Shopping music to a record label is often an arduous task. Record label A&R representatives generally receive so many solicitations that it can be tough for new comers to break through the crowd. For anyone pursuing a deal with a record label, putting together a demo and press kit package is essential to petitioning a record label. This package is a way to introduce and sell yourself, and your talent, to the label.
Research record labels that cater to the type of music you produce. According to MusicBizAcademy.com, sending the wrong type of music to a label is one of the top 10 reason’s record label A&R reps reject demos.
Obtain professional representation with a music manager, agent or entertainment lawyer. Many recorder labels do not accept unsolicited submissions. You need to have someone with connections to the label to advocate on your behalf. A music journalist with a good working relationship with label insiders or an artist who is already signed with the record label can also serve in this capacity.

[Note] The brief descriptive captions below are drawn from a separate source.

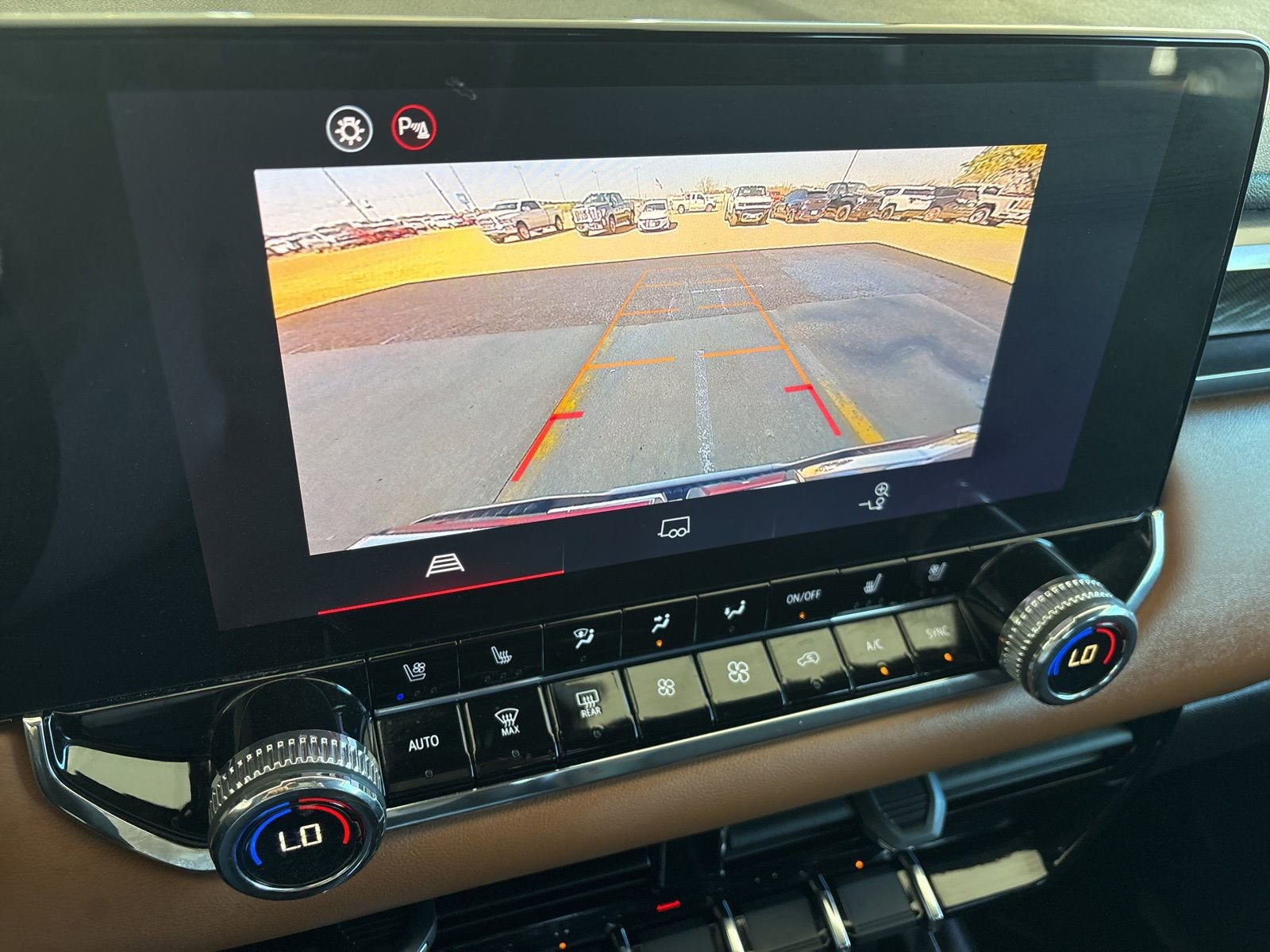 Certified 2025 GMC Canyon AT4 w/ AT4 Premium Package image 20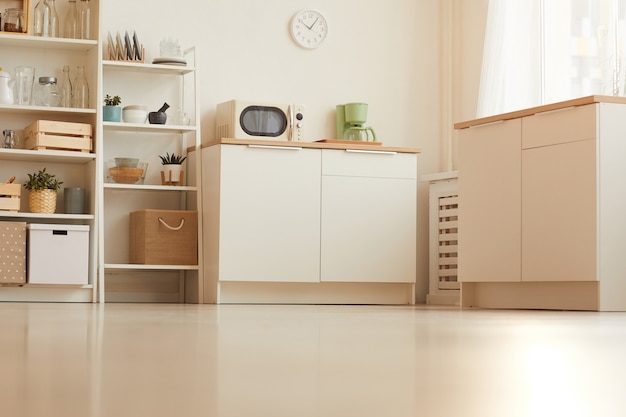 Ângulo baixo em tons quentes do interior contemporâneo da cozinha com design minimalista e elementos de madeira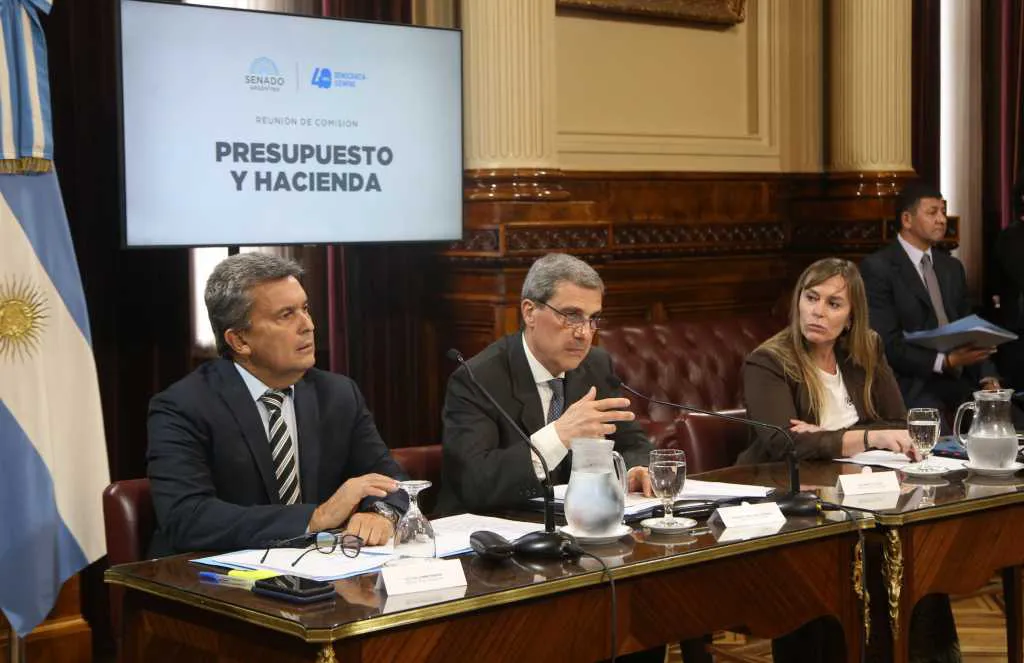 Comis Presup y Hacienda Senado by NA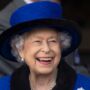Elizabeth II : qui était présent à ses côtés quand elle est morte ?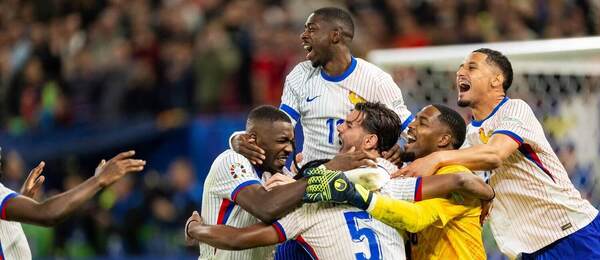 Francúzi oslavujú postup proti Portugalsku.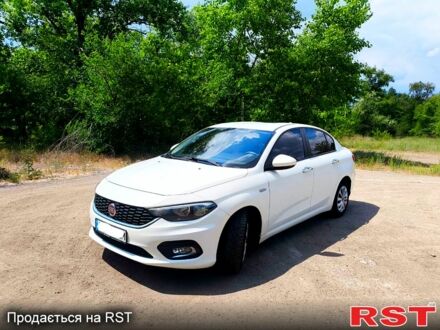 Фиат Типо, объемом двигателя 1.4 л и пробегом 100 тыс. км за 8500 $, фото 1 на Automoto.ua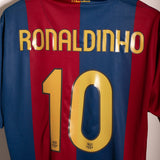 Barcelona 2006-07 Ronaldinho Home Kit (XL)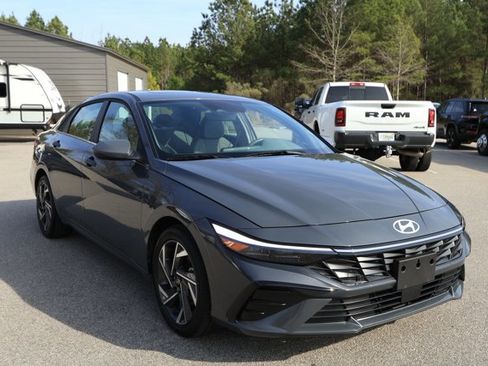 Used 2025 Hyundai Elantra SEL image 3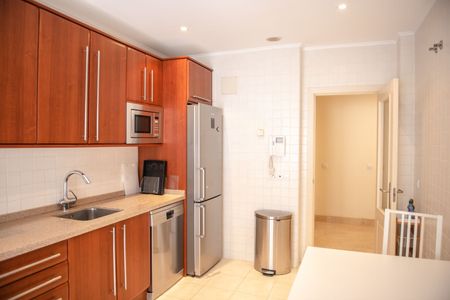 Ground Floor Apartment in Marbella - Photo 4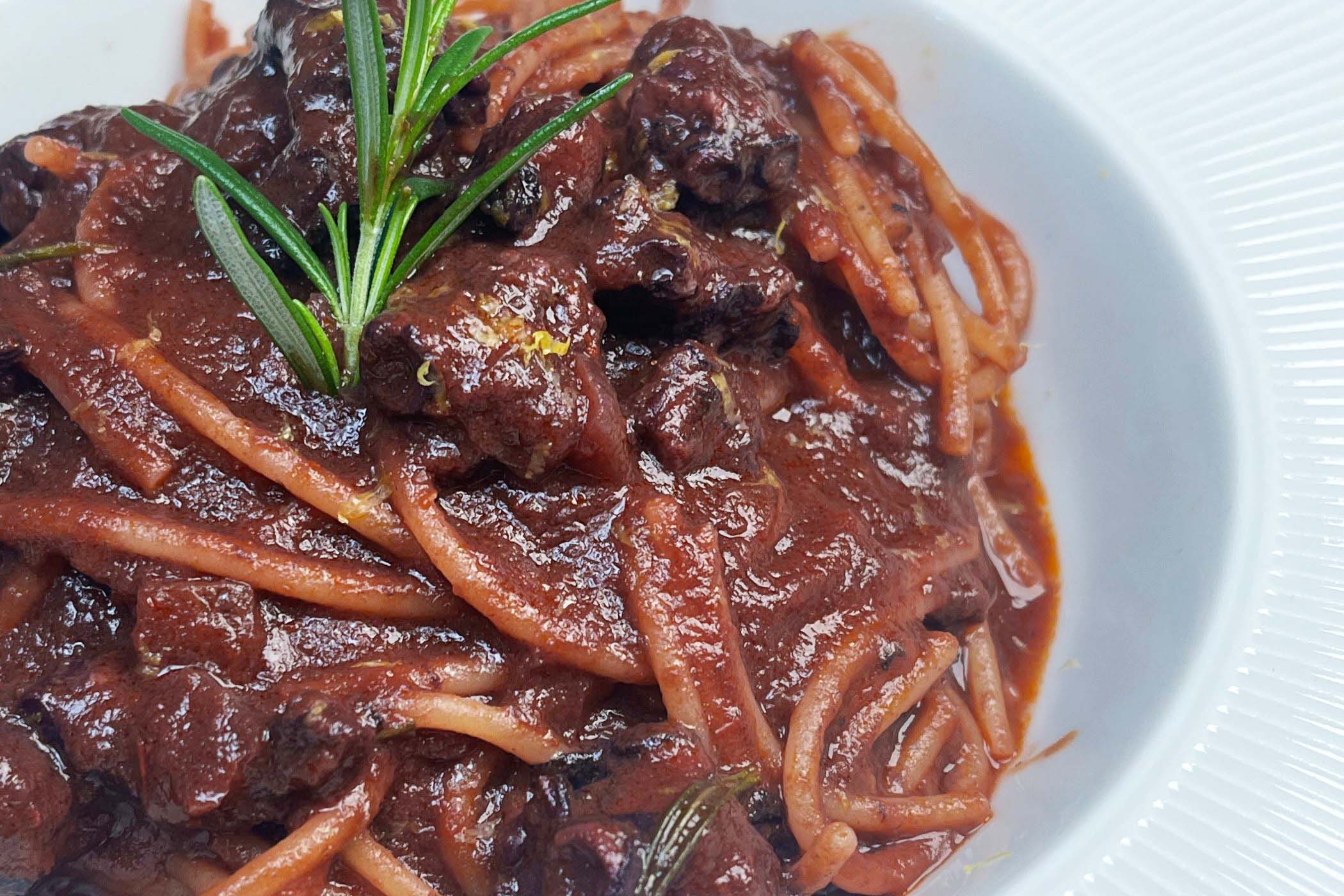 Spaghetti al polpo ubriaco, il primo da perdere la testa!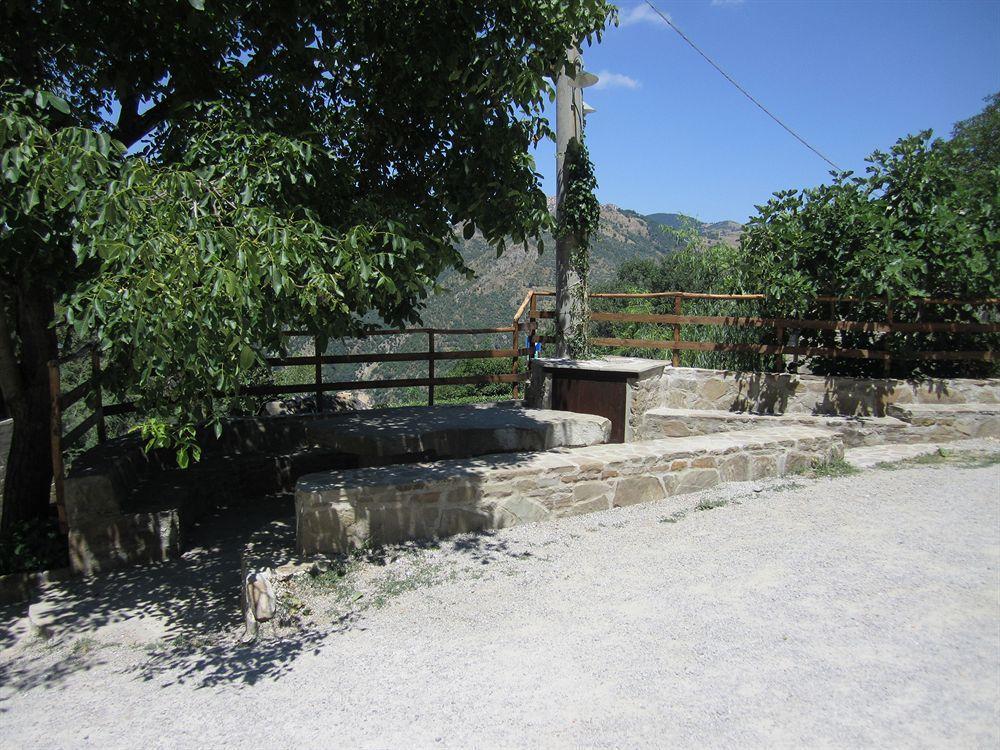 Agriturismo Grotta Dell'Eremita Albano di Lucania Exterior foto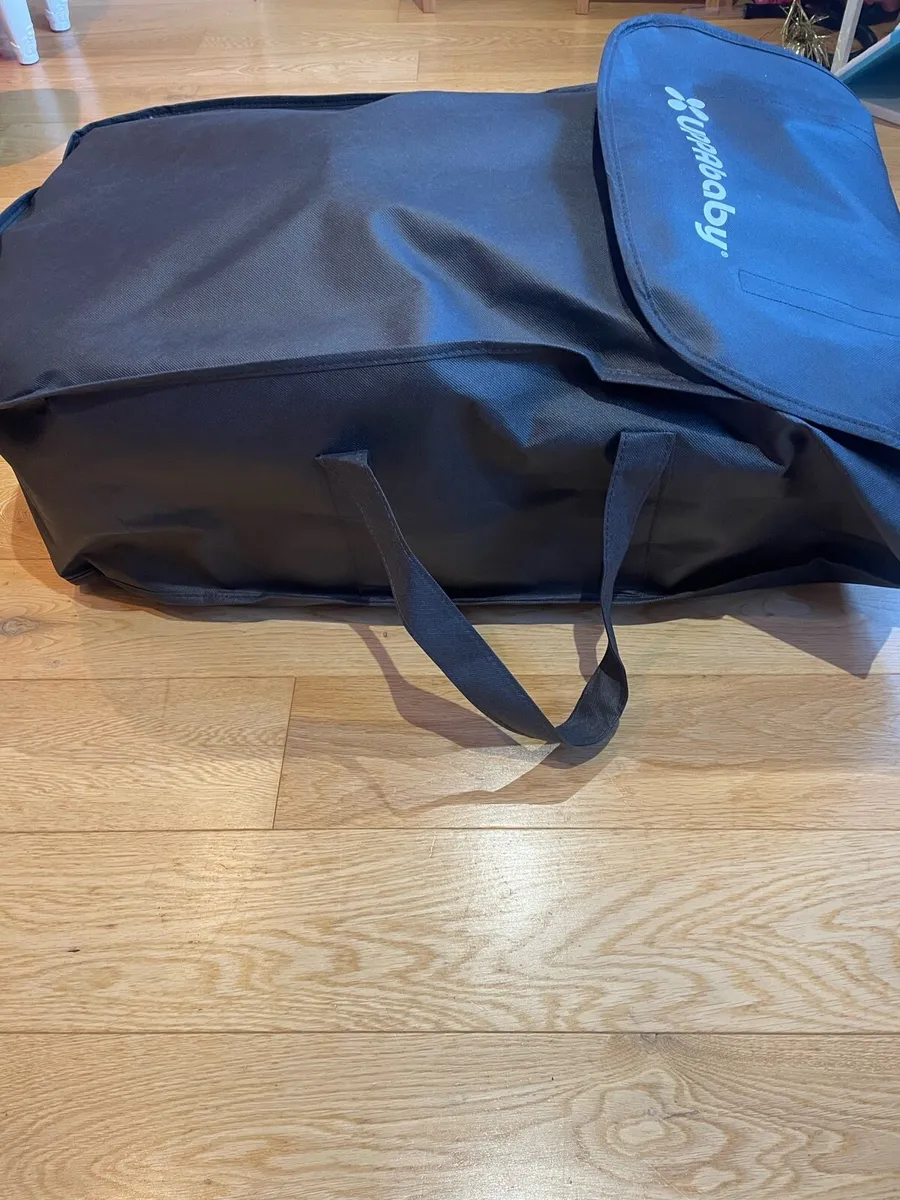 Uppababy Vista 2 Grayson Bundle - Image 2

Make a demo tape of your music. A demo is a short showcase of your work -- three to five songs -- on a CD. Your demo should be a high-quality presentation of your finest, most original work. Not only should the material itself demonstrate your best, but the quality of the recording should be professional.
Print the lyrics of each song contained on the demo on separate sheets. Staple the sheets together.
Photocopy one or two short positive reviews or press clips about your music.
Take an 8-by-10 black-and-white photo of yourself, your band or your group. Stage the photo to capture the spirit of your personality, or your group’s personality, and the style of music you perform. Print your name, or your group’s name, and your contact information on the back of the photo.
Write a one-page bio about your self or your band. Tell your musical story.
Write a short one-page cover letter. The cover letter should outline who you are; explain that you are writing to provide the label with a press kit and a demo of your music; offer an enticing point about the potential sales worthiness of your music (for example, the band routinely draws 400 people per show); state that you intend to follow up with the label in a few days to make certain this package was received; and close with a note indicating that you would welcome a contact from the label.
Place all the materials (the demo, lyrics sheet, clippings, photo, bio, cover letter and the business card of your representative) in a padded envelope. This is your demo / press kit. You should construct more than one so you can send them out to multiple labels.
Send your demo / press kit to the record labels that pass the grade based on your research.
Get out and perform. Hone your music skills and your stage presence. Provide local radio stations that cater to your music genre with CDs of your music. Seek out radio and press interviews. If you can generate enough buzz about yourself or your band, record labels will come to you.